**WHAT IS BEING ASKED:** Print the data that follows again, keeping every line exact.

Data items:
*** Begin section ***

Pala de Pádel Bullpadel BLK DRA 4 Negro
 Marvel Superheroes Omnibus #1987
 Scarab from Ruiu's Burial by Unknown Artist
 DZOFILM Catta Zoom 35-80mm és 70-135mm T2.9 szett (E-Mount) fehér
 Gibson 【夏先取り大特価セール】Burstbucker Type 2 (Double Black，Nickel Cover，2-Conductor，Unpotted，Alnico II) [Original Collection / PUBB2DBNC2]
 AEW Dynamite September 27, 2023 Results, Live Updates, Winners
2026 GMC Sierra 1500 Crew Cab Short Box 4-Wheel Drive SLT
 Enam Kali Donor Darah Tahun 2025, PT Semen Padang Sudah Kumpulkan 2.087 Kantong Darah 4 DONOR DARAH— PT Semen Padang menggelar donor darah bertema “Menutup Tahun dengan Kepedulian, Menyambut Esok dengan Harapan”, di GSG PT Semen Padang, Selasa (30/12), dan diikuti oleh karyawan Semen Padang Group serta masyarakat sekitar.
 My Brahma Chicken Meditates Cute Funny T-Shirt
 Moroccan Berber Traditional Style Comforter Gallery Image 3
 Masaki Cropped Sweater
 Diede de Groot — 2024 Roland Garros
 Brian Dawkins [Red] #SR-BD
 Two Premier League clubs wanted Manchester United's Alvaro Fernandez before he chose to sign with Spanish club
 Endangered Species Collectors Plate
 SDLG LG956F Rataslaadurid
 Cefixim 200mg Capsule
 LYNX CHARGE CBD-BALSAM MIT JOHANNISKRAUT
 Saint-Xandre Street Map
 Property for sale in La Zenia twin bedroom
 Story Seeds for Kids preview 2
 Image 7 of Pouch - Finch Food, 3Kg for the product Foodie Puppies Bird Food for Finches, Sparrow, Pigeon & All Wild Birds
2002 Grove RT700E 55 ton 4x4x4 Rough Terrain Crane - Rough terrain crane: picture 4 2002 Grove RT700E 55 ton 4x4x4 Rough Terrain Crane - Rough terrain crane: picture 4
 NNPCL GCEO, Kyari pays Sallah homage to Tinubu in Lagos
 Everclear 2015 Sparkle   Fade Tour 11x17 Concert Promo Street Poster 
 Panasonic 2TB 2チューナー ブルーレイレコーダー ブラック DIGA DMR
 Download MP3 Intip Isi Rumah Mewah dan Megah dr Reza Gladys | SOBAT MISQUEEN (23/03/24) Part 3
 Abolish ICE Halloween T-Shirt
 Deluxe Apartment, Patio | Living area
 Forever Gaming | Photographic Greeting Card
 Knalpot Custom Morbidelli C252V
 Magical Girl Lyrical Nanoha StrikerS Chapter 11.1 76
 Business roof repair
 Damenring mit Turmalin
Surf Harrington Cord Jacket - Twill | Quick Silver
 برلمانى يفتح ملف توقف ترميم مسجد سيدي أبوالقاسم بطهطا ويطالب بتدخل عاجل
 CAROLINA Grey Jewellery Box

*** End section ***

**RESPONSE BELOW:**
Pala de Pádel Bullpadel BLK DRA 4 Negro
 Marvel Superheroes Omnibus #1987
 Scarab from Ruiu's Burial by Unknown Artist
 DZOFILM Catta Zoom 35-80mm és 70-135mm T2.9 szett (E-Mount) fehér
 Gibson 【夏先取り大特価セール】Burstbucker Type 2 (Double Black，Nickel Cover，2-Conductor，Unpotted，Alnico II) [Original Collection / PUBB2DBNC2]
 AEW Dynamite September 27, 2023 Results, Live Updates, Winners
2026 GMC Sierra 1500 Crew Cab Short Box 4-Wheel Drive SLT
 Enam Kali Donor Darah Tahun 2025, PT Semen Padang Sudah Kumpulkan 2.087 Kantong Darah 4 DONOR DARAH— PT Semen Padang menggelar donor darah bertema “Menutup Tahun dengan Kepedulian, Menyambut Esok dengan Harapan”, di GSG PT Semen Padang, Selasa (30/12), dan diikuti oleh karyawan Semen Padang Group serta masyarakat sekitar.
 My Brahma Chicken Meditates Cute Funny T-Shirt
 Moroccan Berber Traditional Style Comforter Gallery Image 3
 Masaki Cropped Sweater
 Diede de Groot — 2024 Roland Garros
 Brian Dawkins [Red] #SR-BD
 Two Premier League clubs wanted Manchester United's Alvaro Fernandez before he chose to sign with Spanish club
 Endangered Species Collectors Plate
 SDLG LG956F Rataslaadurid
 Cefixim 200mg Capsule
 LYNX CHARGE CBD-BALSAM MIT JOHANNISKRAUT
 Saint-Xandre Street Map
 Property for sale in La Zenia twin bedroom
 Story Seeds for Kids preview 2
 Image 7 of Pouch - Finch Food, 3Kg for the product Foodie Puppies Bird Food for Finches, Sparrow, Pigeon & All Wild Birds
2002 Grove RT700E 55 ton 4x4x4 Rough Terrain Crane - Rough terrain crane: picture 4 2002 Grove RT700E 55 ton 4x4x4 Rough Terrain Crane - Rough terrain crane: picture 4
 NNPCL GCEO, Kyari pays Sallah homage to Tinubu in Lagos
 Everclear 2015 Sparkle   Fade Tour 11x17 Concert Promo Street Poster 
 Panasonic 2TB 2チューナー ブルーレイレコーダー ブラック DIGA DMR
 Download MP3 Intip Isi Rumah Mewah dan Megah dr Reza Gladys | SOBAT MISQUEEN (23/03/24) Part 3
 Abolish ICE Halloween T-Shirt
 Deluxe Apartment, Patio | Living area
 Forever Gaming | Photographic Greeting Card
 Knalpot Custom Morbidelli C252V
 Magical Girl Lyrical Nanoha StrikerS Chapter 11.1 76
 Business roof repair
 Damenring mit Turmalin
Surf Harrington Cord Jacket - Twill | Quick Silver
 برلمانى يفتح ملف توقف ترميم مسجد سيدي أبوالقاسم بطهطا ويطالب بتدخل عاجل
 CAROLINA Grey Jewellery Box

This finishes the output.